Vonahr is a modern (for the late 1800s) civilized republic which is being menaced from the north by the Grewzland Imperium. It's only chance of defense is to gain access to the Sentient Fire that a sorcerer in a neighboring country (the eccentric Low Hetz) is reputed to have developed. But Low Hetz' mad king will not even accept Vonahr's embassy to discuss it. The mad king has, however, decreed a great race, the Grand Ellipse, in which the participants will trace a huge oval across the many lands and seas of their world. And the winner will get a private audience.

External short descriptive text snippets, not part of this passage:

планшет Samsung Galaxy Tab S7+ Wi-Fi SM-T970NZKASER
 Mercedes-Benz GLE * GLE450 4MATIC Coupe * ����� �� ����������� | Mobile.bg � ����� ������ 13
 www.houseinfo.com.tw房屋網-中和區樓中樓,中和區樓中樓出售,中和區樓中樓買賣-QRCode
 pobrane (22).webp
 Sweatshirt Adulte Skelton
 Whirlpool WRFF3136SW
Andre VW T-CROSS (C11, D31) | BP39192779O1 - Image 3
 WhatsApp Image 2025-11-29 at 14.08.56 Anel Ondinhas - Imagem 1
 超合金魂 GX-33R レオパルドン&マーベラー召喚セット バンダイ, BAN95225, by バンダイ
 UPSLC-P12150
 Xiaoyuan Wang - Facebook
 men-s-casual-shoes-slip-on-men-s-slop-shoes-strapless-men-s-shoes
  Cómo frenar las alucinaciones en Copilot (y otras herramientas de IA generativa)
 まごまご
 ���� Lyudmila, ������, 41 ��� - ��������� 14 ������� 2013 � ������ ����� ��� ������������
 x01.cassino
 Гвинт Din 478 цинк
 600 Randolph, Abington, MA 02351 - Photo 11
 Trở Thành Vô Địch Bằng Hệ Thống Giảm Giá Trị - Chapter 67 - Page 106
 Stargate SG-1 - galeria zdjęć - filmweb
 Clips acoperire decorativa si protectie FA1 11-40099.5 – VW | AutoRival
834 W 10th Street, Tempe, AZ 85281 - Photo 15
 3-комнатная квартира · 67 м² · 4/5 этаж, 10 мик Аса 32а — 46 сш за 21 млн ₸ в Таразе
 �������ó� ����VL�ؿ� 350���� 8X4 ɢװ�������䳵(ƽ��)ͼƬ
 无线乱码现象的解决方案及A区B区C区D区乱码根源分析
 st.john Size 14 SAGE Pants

The Vonahrish Foreign Office gets the idea of persuading a adventurous young woman (whose interest in travel and anthropology has scandalized her parents) to compete in hopes of being able to press Vonahr's case to Low Hetz's mad king.
People of every nation are participating, including a handsome Gewzlandish military hero, the woman's jilted fiance (she dumped him a few years previously) and a dozen other strange people. The race is on and the book tells the story of her travels across of varied and strange world, running into magic here and there (civilized people believe in magic, but don't really approve of it) and troubles everywhere. The countries are all reminiscent of one Earth country or another.
It's a great story, easily holding up over a long book. Highly recommended!